| Task material |
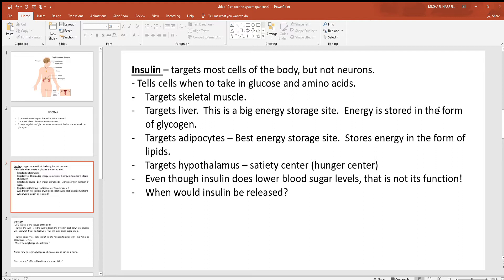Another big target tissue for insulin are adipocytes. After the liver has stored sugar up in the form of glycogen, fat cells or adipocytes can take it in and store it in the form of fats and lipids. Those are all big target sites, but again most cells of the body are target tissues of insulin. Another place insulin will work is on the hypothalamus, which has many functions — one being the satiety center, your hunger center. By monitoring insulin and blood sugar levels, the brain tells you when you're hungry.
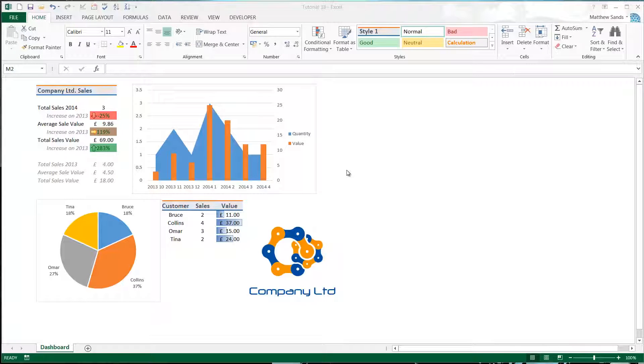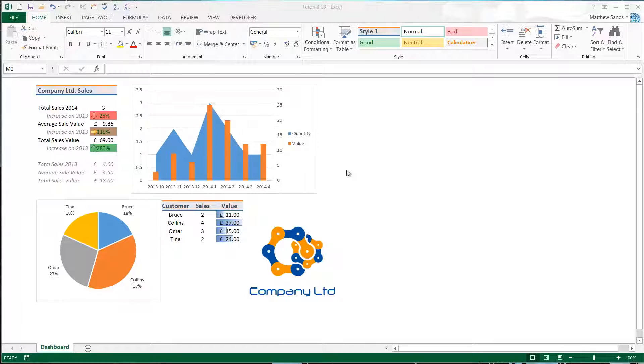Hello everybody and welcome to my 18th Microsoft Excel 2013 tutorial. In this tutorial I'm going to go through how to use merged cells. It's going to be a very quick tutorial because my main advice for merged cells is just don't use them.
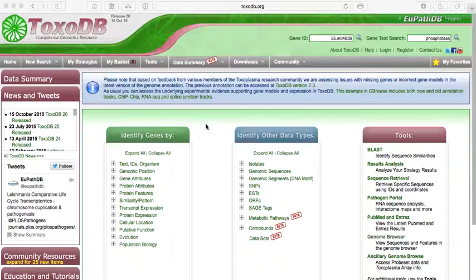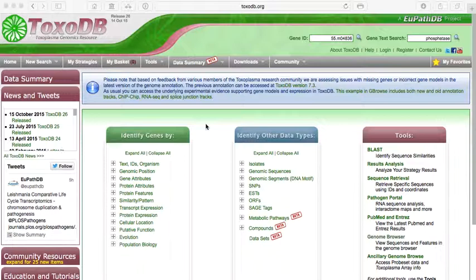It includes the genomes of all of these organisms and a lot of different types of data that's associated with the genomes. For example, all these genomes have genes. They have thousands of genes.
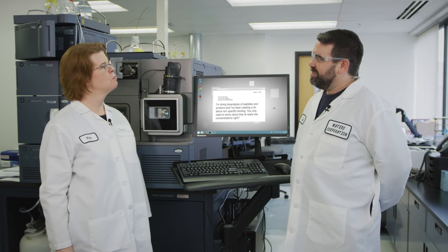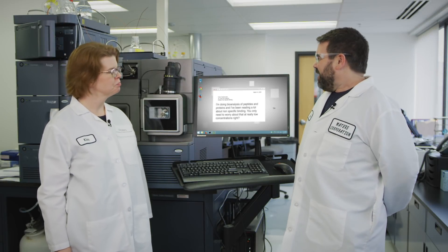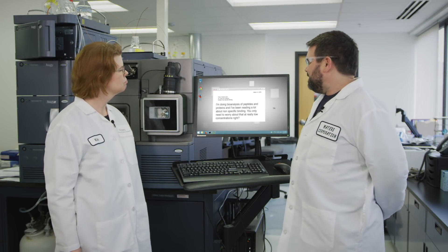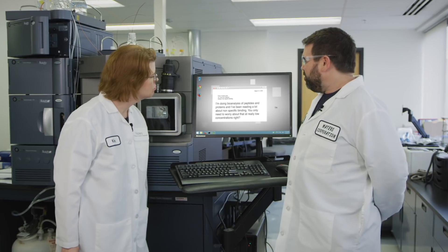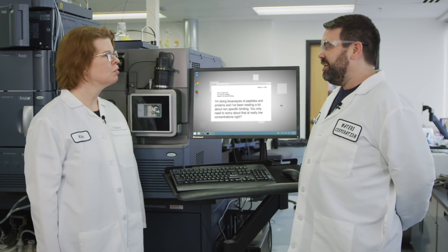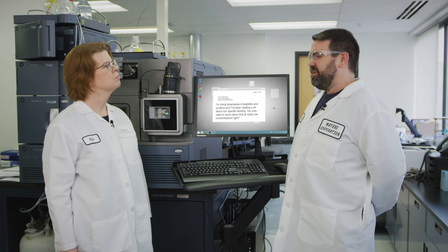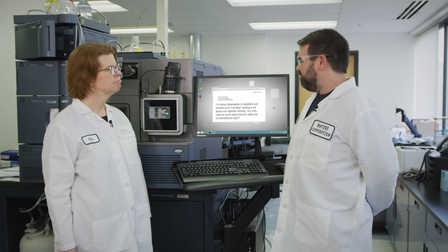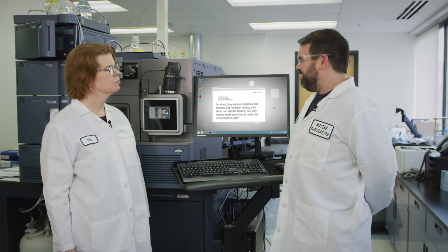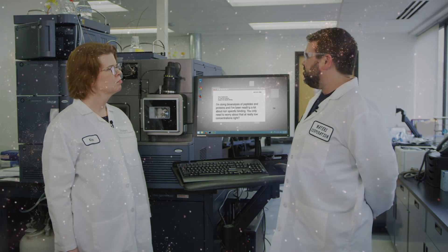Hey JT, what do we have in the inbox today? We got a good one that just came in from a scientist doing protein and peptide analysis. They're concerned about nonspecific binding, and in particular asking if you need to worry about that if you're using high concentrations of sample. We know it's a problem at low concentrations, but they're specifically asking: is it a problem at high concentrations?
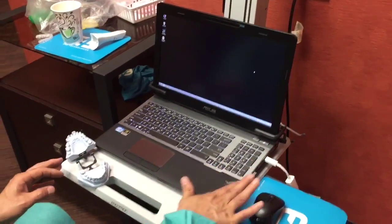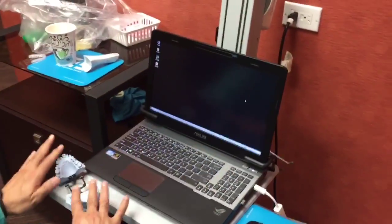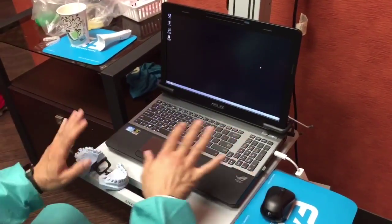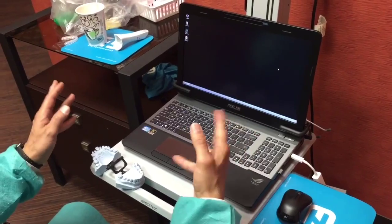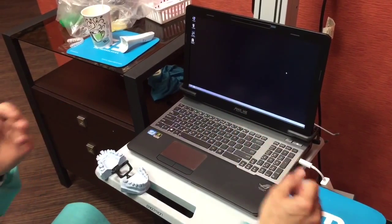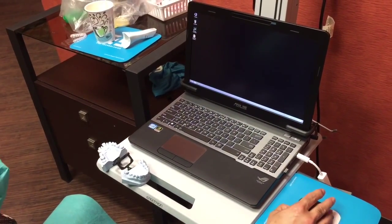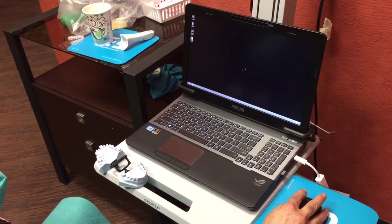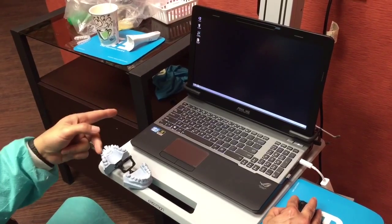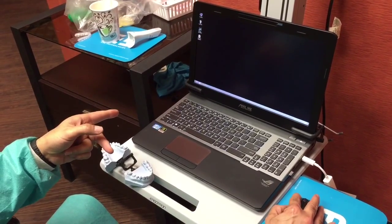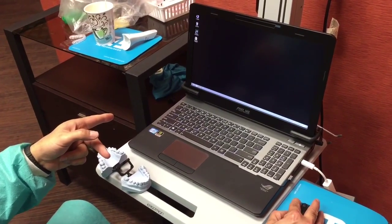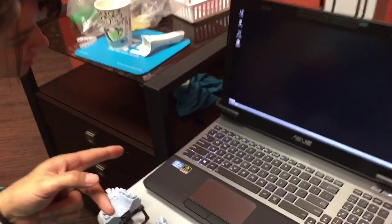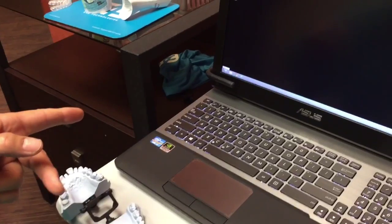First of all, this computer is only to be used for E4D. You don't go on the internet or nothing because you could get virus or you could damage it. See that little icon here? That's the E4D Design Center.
---
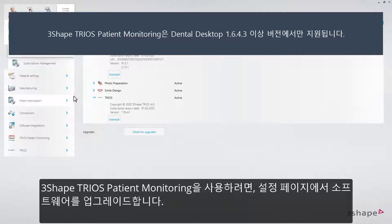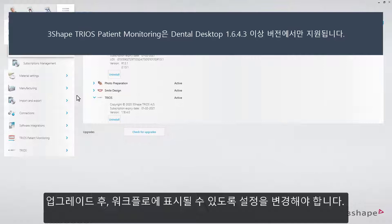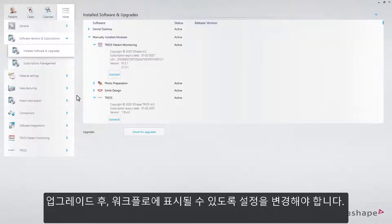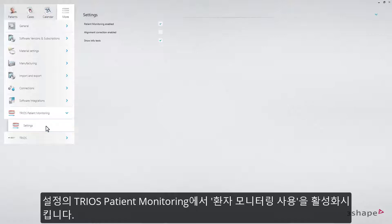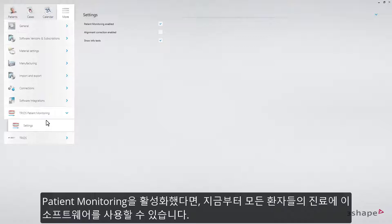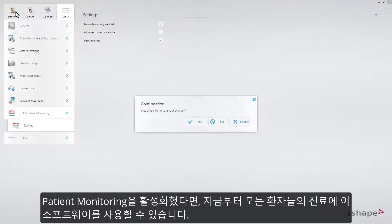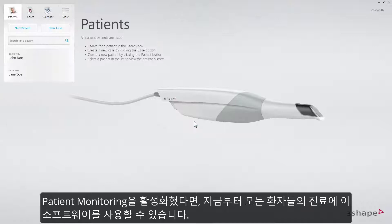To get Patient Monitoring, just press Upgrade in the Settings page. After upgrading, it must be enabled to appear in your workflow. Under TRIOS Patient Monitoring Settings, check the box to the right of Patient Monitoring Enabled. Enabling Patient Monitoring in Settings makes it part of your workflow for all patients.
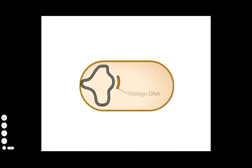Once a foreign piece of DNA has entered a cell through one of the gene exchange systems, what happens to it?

| Problem details |
In the listing above, find the line containing "Another big target" and the line containing "Hello everybody and", then print exactly those two lines and every line between them, minus the pictures.

| Reply to the task |
Another big target tissue for insulin are adipocytes. After the liver has stored sugar up in the form of glycogen, fat cells or adipocytes can take it in and store it in the form of fats and lipids. Those are all big target sites, but again most cells of the body are target tissues of insulin. Another place insulin will work is on the hypothalamus, which has many functions — one being the satiety center, your hunger center. By monitoring insulin and blood sugar levels, the brain tells you when you're hungry.
Hello everybody and welcome to my 18th Microsoft Excel 2013 tutorial. In this tutorial I'm going to go through how to use merged cells. It's going to be a very quick tutorial because my main advice for merged cells is just don't use them.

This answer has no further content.